Module 5
.
5.1Distributed database concepts
A
distributed computing system
consists of a number of processing elements that are interconnected by a
computer network and that co-operate in performing certain assigned tasks.
A distributed
database (DDB) is a collection of multiple logically interrelated databases
distributed over a computer network. A distributed
database management system (DDBMS)
is a software system that manages a distributed database while making the
distribution transparent to the user. At the physical hardware level, the
following main factors distinguish a DDBMS from a centralized system:
·
There are multiple computers called sites or nodes.
·
These sites must be connected by some type of communication network to transmit data
and commands among sites.
Parallel versus Distributed technology – There
are two main types of multiprocessor system architecture:
- Shared memory (tightly coupled) architecture: Multiple memory share secondary (disk) storage and also share primary memory.

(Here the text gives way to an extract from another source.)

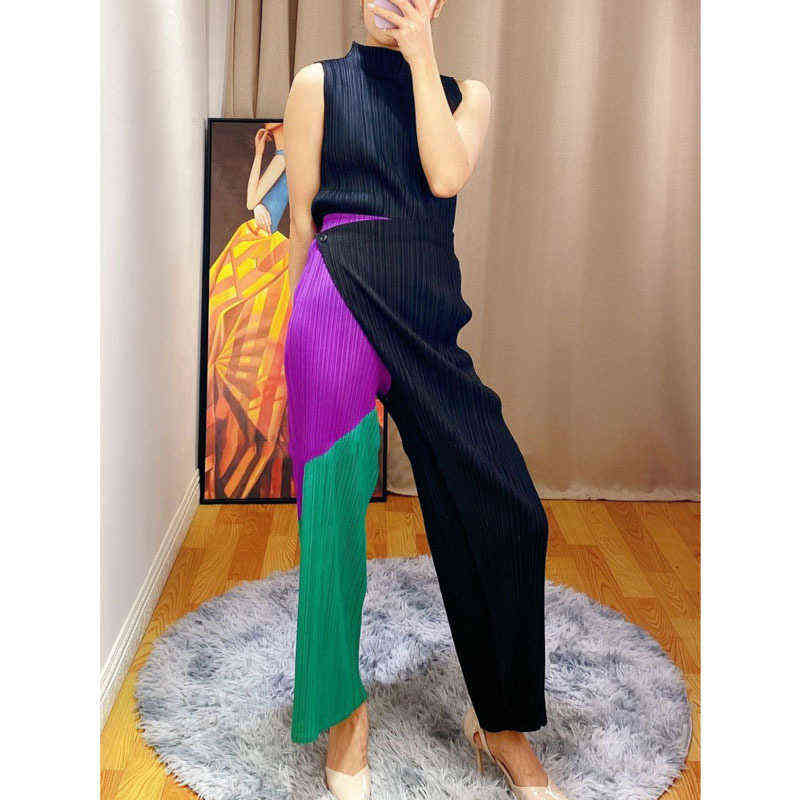 DEAT Woman Pleated Wide Leg Pants Hit Color Patchwork One Button Elastic Waist Nine Length Casual Style Autumn 15XF813 211115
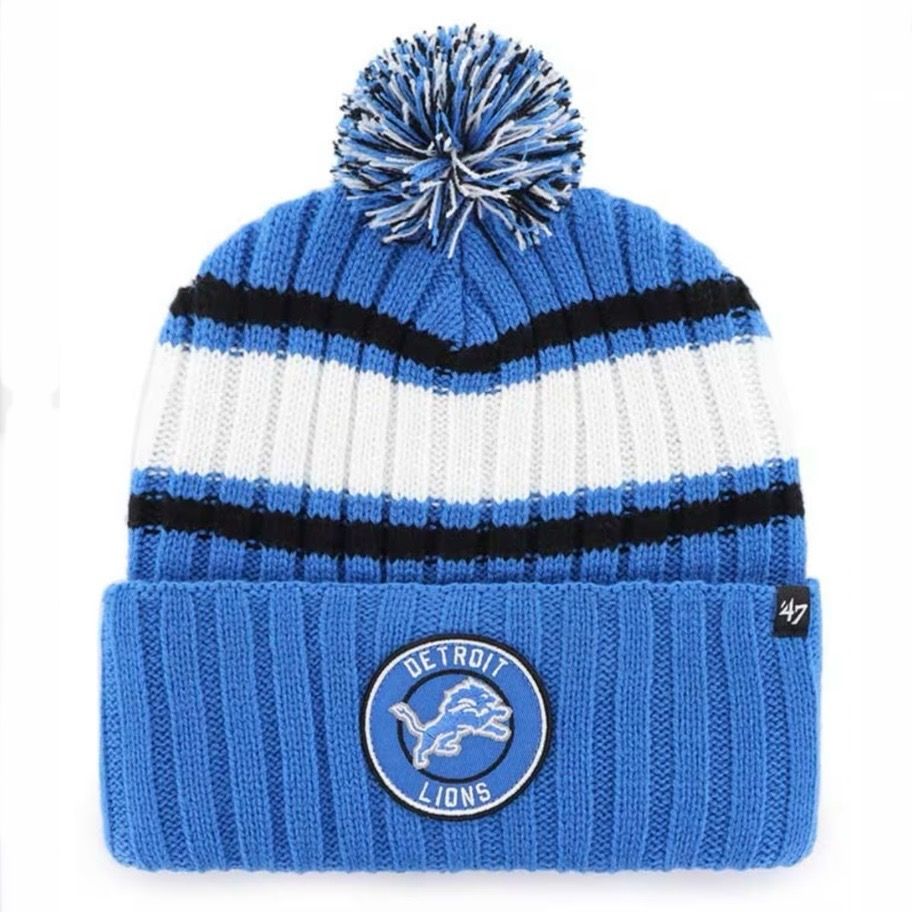 Detroit Lions Men's Blue Plateau 47 Brand Cuffed Pom Knit Hat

- Shared disk (loosely coupled) architecture: Multiple processors share secondary (disk) storage but each has their own primary memory.
Database
management systems developed using the above types of architectures are termed parallel database management systems;
rather than DDBMS they utilize parallel processor technology. In another type
of architecture called shared nothing
architecture, every processor has its own primary and secondary (disk)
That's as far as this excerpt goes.